Make HTML4/XHTML1 Strict doctypes non-conforming #2048

sideshowbarker · 2016-11-16T11:26:27Z

It was never intended that HTML4 Strict and XHTML1/1.1 Strict doctypes would remain conforming forever. Given that HTML4 is nearly 20 years old (and XHTML1 is just a reformulation of HTML4 in XML), it’s time to consider making the HTML4 Strict and XHTML1/1.1 Strict doctypes non-conforming—just as are all other HTML4 and XHTML1/1.1 doctypes (and HTML 3.2, etc., doctypes are).

The spec currently defines the HTML4 Strict and XHTML1/1.1 Strict doctypes are obsolete but still conforming—obsolete permitted DOCTYPEs—and says that “Authors should not use obsolete permitted DOCTYPEs, as they are unnecessarily long”.

The reason the spec states for allowing them in conforming documents is in order to “help authors transition from HTML4 and XHTML1”.

But at this point continuing to allow HTML4 Strict and XHTML1/1.1 Strict doctypes as conforming isn’t helping authors transition; instead it seems to be having the effect of continuing to proliferate use of those doctypes long past what rightly should have been their proper expiration date.

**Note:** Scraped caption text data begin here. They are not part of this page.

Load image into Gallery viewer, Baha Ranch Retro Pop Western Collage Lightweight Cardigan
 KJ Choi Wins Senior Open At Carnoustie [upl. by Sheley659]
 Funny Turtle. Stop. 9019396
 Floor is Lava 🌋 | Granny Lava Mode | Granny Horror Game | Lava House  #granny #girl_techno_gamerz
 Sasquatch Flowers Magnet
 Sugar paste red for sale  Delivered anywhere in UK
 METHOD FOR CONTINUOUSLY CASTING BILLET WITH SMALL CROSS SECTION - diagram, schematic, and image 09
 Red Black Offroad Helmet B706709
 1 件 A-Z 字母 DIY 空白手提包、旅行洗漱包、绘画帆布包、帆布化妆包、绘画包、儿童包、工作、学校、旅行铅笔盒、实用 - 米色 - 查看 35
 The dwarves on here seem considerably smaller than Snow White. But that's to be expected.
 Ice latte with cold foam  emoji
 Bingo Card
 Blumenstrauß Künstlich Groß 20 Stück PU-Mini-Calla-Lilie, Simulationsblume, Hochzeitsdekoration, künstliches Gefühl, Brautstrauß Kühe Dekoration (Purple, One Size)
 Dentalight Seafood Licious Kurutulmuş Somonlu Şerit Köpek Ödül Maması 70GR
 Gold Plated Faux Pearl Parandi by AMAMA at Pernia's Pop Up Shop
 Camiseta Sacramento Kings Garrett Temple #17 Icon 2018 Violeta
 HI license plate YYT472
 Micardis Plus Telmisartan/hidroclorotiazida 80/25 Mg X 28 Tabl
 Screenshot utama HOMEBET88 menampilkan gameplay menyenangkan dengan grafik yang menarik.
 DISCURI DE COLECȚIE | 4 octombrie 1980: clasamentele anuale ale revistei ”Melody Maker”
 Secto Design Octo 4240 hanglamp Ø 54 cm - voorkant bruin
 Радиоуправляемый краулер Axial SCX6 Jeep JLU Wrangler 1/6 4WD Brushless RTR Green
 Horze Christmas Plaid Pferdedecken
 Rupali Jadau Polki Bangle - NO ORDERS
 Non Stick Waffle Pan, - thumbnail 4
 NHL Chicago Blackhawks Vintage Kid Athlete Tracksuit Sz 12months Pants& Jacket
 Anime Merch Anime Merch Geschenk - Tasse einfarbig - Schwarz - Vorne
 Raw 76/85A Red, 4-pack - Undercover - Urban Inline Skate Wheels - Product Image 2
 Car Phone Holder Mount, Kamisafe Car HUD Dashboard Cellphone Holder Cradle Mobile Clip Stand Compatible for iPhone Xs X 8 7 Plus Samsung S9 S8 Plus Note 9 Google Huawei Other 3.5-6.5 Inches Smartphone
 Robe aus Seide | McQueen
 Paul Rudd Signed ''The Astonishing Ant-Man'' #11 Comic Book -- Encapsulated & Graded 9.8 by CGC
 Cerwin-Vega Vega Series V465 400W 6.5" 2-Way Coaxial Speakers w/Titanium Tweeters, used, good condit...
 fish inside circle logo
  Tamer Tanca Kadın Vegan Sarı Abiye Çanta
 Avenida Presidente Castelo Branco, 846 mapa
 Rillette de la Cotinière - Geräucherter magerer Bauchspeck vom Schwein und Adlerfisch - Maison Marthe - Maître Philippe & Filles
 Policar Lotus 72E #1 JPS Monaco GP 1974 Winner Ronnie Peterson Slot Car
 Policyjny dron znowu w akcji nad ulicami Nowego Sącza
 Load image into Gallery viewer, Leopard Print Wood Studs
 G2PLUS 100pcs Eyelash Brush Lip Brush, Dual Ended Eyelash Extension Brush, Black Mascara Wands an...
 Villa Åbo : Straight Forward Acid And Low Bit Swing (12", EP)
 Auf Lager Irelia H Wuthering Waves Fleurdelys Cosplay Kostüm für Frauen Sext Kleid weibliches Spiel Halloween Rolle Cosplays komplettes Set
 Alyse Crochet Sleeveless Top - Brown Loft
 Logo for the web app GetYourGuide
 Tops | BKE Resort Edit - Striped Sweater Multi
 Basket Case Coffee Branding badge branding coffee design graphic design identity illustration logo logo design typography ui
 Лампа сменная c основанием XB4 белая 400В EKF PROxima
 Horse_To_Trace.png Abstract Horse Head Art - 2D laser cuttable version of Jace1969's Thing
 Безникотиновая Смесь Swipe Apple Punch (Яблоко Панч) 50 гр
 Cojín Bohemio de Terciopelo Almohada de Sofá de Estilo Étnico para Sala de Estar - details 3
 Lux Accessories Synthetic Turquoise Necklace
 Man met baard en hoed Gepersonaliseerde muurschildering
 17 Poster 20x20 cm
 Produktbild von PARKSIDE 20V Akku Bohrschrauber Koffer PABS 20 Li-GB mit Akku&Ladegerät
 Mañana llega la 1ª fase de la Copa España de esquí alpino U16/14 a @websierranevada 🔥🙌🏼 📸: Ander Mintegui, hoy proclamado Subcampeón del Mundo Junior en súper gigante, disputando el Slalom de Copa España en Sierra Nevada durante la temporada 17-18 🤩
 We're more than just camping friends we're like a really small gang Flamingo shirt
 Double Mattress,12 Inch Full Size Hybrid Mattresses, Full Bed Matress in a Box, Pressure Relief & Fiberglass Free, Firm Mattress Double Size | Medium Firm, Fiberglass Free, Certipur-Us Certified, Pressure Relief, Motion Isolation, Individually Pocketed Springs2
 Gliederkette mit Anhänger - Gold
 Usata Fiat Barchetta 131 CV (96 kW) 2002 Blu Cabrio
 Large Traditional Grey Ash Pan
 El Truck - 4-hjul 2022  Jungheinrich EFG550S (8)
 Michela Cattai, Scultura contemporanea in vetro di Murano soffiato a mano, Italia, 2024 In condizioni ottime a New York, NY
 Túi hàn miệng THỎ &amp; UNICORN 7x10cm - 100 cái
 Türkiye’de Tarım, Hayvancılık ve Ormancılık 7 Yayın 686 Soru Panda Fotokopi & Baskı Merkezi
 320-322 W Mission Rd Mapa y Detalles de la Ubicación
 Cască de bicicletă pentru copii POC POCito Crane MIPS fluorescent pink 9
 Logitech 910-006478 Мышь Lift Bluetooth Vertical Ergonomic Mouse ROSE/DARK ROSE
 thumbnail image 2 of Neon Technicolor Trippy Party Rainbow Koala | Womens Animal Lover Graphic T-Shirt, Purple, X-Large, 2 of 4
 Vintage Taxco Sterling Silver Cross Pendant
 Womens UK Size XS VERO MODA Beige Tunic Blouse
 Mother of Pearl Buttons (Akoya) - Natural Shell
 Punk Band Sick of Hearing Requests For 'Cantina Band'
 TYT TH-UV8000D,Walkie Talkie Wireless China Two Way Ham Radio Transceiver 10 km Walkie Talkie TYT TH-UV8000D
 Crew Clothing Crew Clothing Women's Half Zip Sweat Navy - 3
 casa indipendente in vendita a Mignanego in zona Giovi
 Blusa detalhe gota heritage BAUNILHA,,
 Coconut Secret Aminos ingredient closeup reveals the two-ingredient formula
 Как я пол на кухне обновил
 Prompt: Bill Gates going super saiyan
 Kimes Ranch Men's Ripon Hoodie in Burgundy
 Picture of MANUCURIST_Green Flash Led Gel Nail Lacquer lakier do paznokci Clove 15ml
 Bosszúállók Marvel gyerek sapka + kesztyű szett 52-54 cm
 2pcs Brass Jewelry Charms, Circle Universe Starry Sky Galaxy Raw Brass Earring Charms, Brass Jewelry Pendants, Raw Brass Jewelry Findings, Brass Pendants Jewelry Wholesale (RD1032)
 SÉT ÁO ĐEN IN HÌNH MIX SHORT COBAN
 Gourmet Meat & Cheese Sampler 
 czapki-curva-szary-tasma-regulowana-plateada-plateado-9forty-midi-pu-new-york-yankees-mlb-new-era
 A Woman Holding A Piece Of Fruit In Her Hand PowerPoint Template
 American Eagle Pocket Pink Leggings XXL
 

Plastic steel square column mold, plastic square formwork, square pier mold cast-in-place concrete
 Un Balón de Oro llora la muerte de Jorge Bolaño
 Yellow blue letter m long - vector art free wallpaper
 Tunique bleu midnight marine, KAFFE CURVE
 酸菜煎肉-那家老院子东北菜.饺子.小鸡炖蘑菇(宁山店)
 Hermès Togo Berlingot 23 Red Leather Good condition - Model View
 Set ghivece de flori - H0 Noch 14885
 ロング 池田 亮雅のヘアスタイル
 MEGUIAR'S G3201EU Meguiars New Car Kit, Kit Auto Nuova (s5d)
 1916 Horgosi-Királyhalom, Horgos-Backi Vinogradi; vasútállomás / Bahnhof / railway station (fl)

For the HTML checker I still get issue reports from authors requesting that if they put an HTML4 or XHTML1 doctype on a document, the checker should evaluate it using HTML4/XHTML1 requirements (as the SGML/DTD-based legacy W3C validator does and as validator.nu used to do) instead of requirements in the current HTML spec.

In other words, some authors are continuing to intentionally use the HTML4/XHTML1 doctypes so that their documents can be “valid” even though they contain markup that the current HTML spec defines as non-conforming.

So, it’d be helpful if we made the spec clearly disallow use of all legacy HTML doctypes, including the HTML4 Strict and XHTML1/1.1 Strict doctypes (the only remaining legacy docytpes still allowed).

annevk · 2016-11-16T11:43:22Z

source

@@ -98010,62 +98010,6 @@ dictionary <dfn>StorageEventInit</dfn> : <span>EventInit</span> {
  <p>The <span>DOCTYPE legacy string</span> should not be used unless the document is generated from
  a system that cannot output the shorter string.</p>

-  <hr>
-
-  <!-- see the parser section before changing this bit -->


What was meant by this?

Also, in XHTML you still need to use a DOCTYPE kinda like this for entities and we still don't have a replacement. But I guess we shouldn't really let that influence what is okay for text/html.



What was meant by this?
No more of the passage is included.